Ася промолчала. Промолчала на вторую и на третью композицию. Тогда золоткудрая включила магнитофон, оркестр играл «Танец с саблями» Хачатуряна.
— Сла-а-а-ва богу! — взвыла учительница по сольфеджио. — Какой оркестр играет?
— Большой!
— М-да! Хорошо. А еще какой?
— Народный, — выдохнула Ася.
Комиссия многозначительно улыбнулась: что взять с этих народников, никакой перспективы. Ни один уважающий себя человек не пойдет учиться на дешевку. Вот понятно: фортепьяно, баян, скрипка — это уровень, все остальное барахло — любителям игры на корыте. По мнению золотокудрой, народникам большего не дано.
Златокудрая прокашлялась, сжала кулаки.
— Вообще, можешь ответить, какие бывают оркестры?

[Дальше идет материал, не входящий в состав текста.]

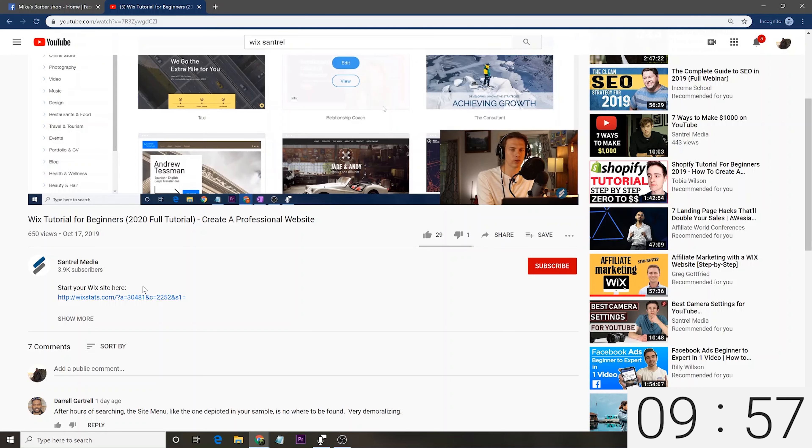Hey everybody, welcome back to the channel. I'm Mike O'Brien and in this video I'll be showing you how to set up a website in just 10 minutes.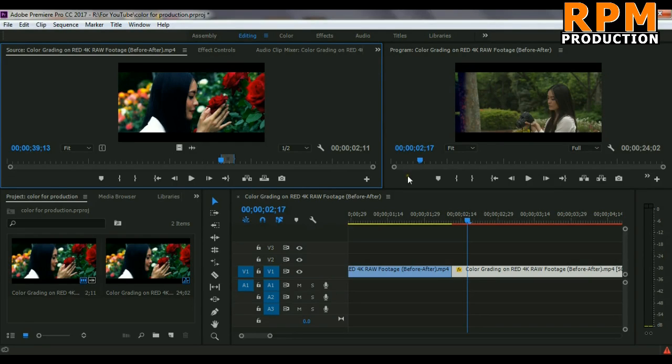In this video, I will show you how you can match two different types of shots in Premiere Pro. So stay tuned.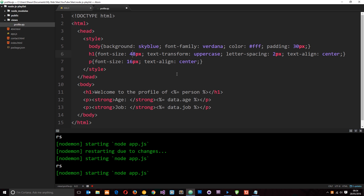One more thing I want to talk about in these templates is adding normal JavaScript code like if statements or things like that. I'm not going to do it in this tutorial because I'm already at about 12 minutes, so I'm going to leave that for the next tutorial. See you guys then.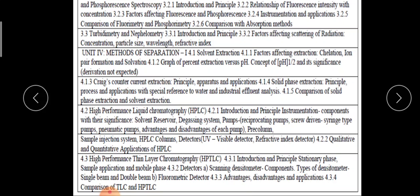The next part is the solid phase extraction, its principal process and application with a special reference to the water and industrial fluid analysis. Comparison of the solid phase extraction and the solvent extraction.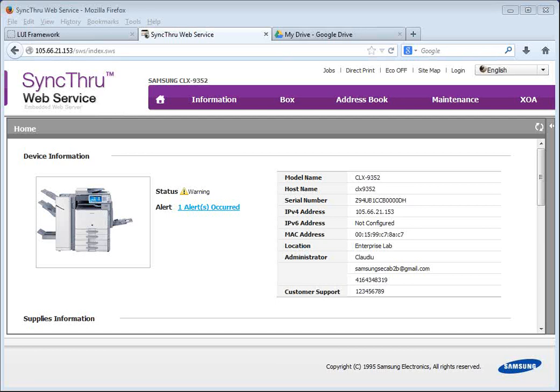Hello, this is Claudio from Samsung Canada. In this video I will show you how easy and quickly it is to install, configure and use the new Samsung Cloud Connector application for the Samsung XOA enabled copiers.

— Большие и маленькие. — Ася понимала, что несет чушь, но других ответов у нее не было.
— Оркестры бываю симфонические, струнные, духовые, народные, эстрадные, джазовые, — сквозь зубы начала подсказывать Екатерина Алексеевна и про всему было видно, что ей стыдно за свою ученицу.
Ася с отчаянием уставилась на Екатерину Алексеевну. — Что я сделала не так? Екатерина Алексеевна, почему вы так со мной? Вы же у меня остались одна. К черту эту сраную музыку, ко всем бесам это сольфеджио, экзамен! Екатерина Алексеевна, хоть вы не уходите от меня, не бросайте! — Асе захотелось взвыть, разораться, своим гневом разорвать барабаны всех оркестров. Ну же! Полыхни палочками со всей дури, как в шаманский бубен. Бум! Бум! Бум! — колотило в виски, разрывало голову на части. Бум! Бум! Бум! Может, кто услышит этот призывный набат. Эй вы! Боги, шаманы, ведьмы, волшебное зверье — кто-нибудь, услышьте меня! Это просто невыносимо.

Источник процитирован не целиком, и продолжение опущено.